■ What you are asked to do ■
Pictures must not appear in the copy. Set down exactly the line with "SONGMICS Clothes Rack" and each line after it through the end of the data below.

(Recorded data)

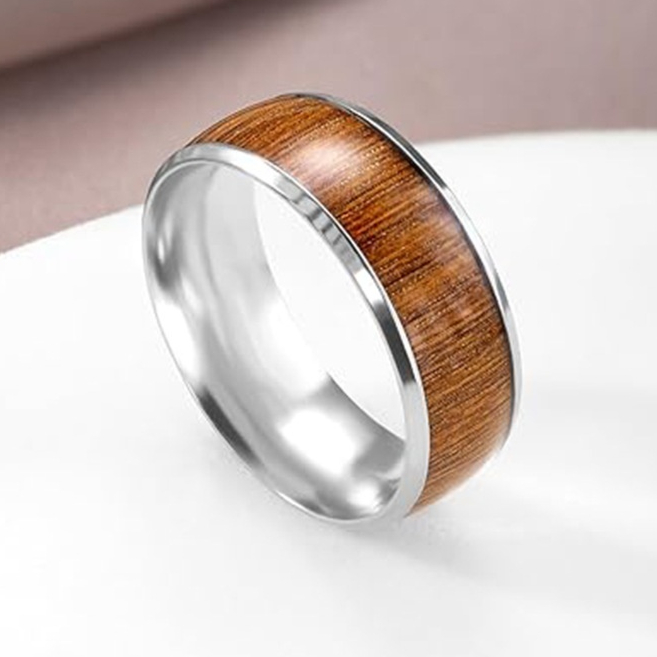 Men's Titanium Ring - European American Style Curved Straight-Edged Band 8mm Wide Wood Grain Inlay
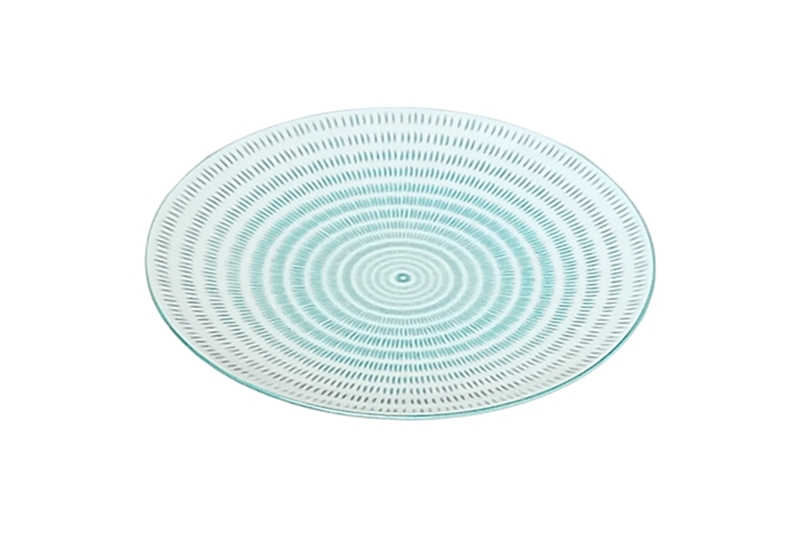 Porcelán lapos nagy tányér - Nora's Design - 26,5 cm, örvény mintás (zöld)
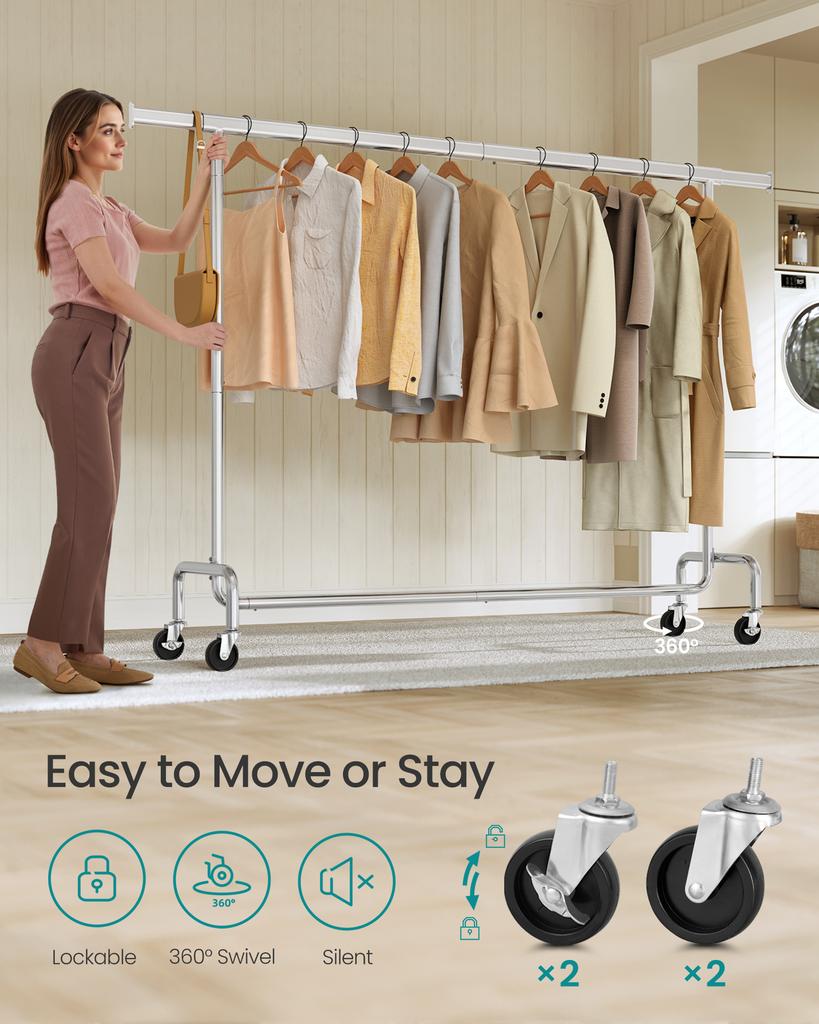 SONGMICS Clothes Rack on Wheels, Heavy-Duty Clothes Rail, with Extendable Hanging Rail, 110 kg Load Capacity, 45 x (160-200) x 162.9 cm
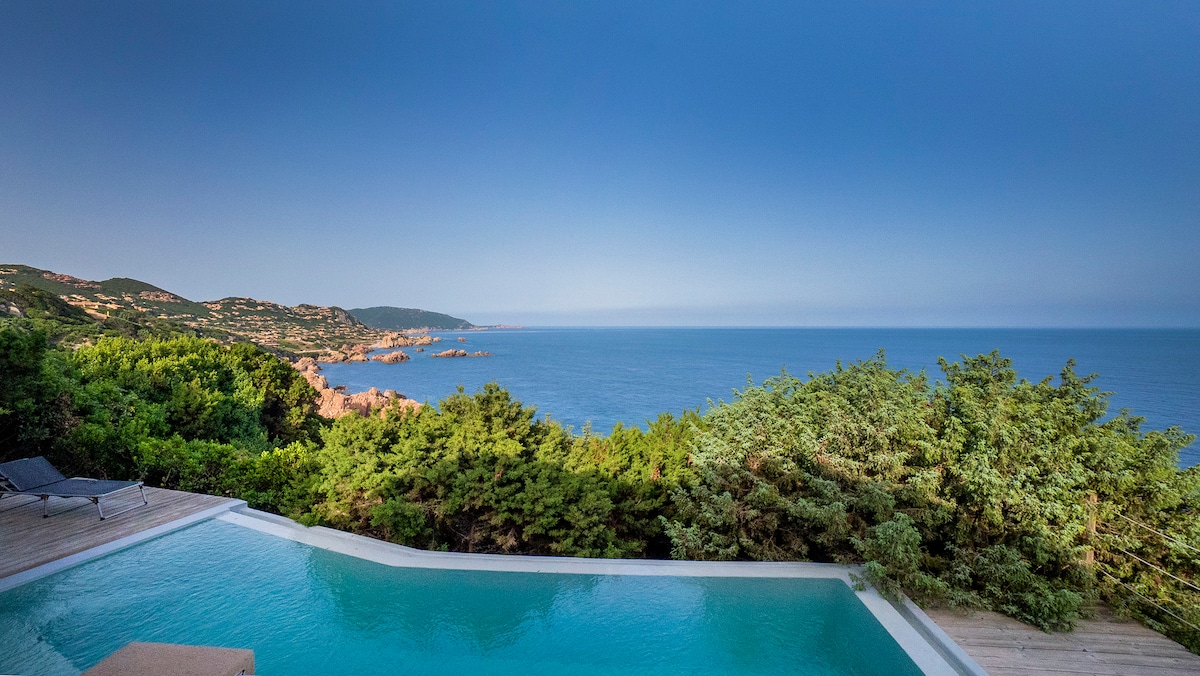 An infinity pool extends gracefully toward the coastline, reflecting the deep blue of the sky and sea. Lush greenery frames the scene, providing a sense of privacy. The distant hills are visible, enhancing the tranquil coastal atmosphere.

(End Recorded data)

■ Task result ■
 SONGMICS Clothes Rack on Wheels, Heavy-Duty Clothes Rail, with Extendable Hanging Rail, 110 kg Load Capacity, 45 x (160-200) x 162.9 cm
 An infinity pool extends gracefully toward the coastline, reflecting the deep blue of the sky and sea. Lush greenery frames the scene, providing a sense of privacy. The distant hills are visible, enhancing the tranquil coastal atmosphere.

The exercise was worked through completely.